### To do
Please give back each line below unchanged; none of the pictures should appear.

### Available data
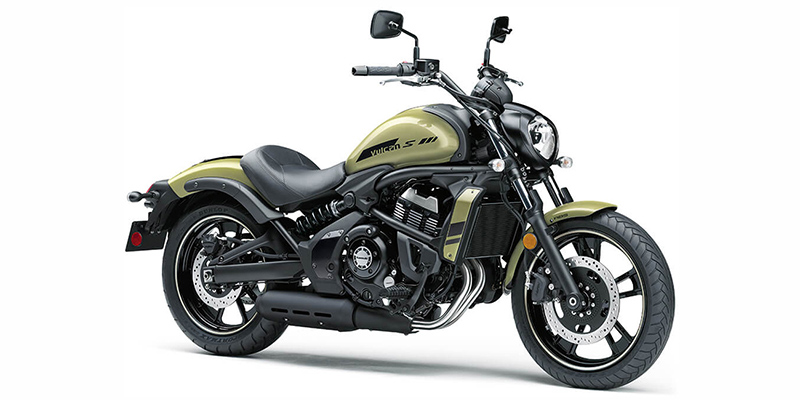 Vulcan® S ABS at Cycle Max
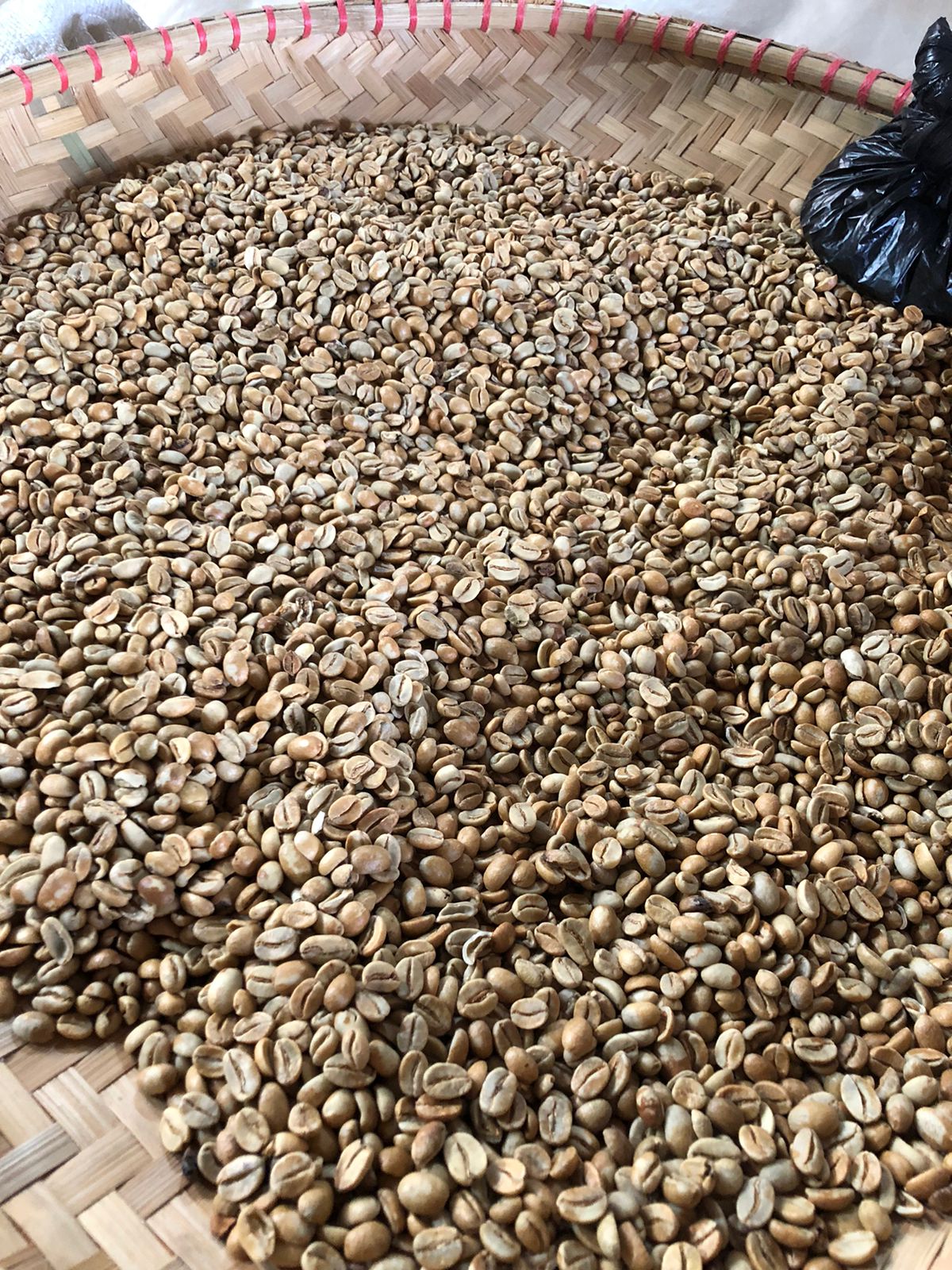 Arabica Natural Anaerobic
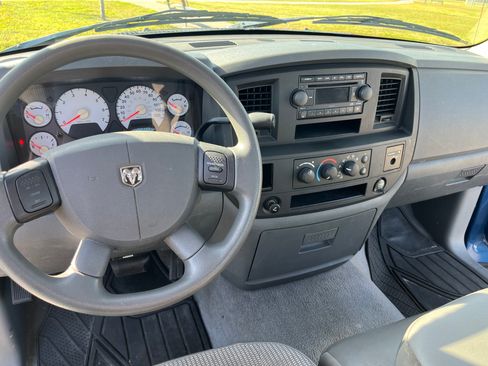 Used 2006 Dodge Ram 1500 Truck ST w/ SXT Group image 16
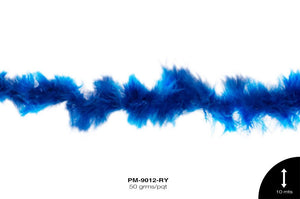 PLUMA MARABU REF: 46 AZUL REY 50 GR/PQT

### Answer to this task
 Vulcan® S ABS at Cycle Max
 Arabica Natural Anaerobic
 Used 2006 Dodge Ram 1500 Truck ST w/ SXT Group image 16
 PLUMA MARABU REF: 46 AZUL REY 50 GR/PQT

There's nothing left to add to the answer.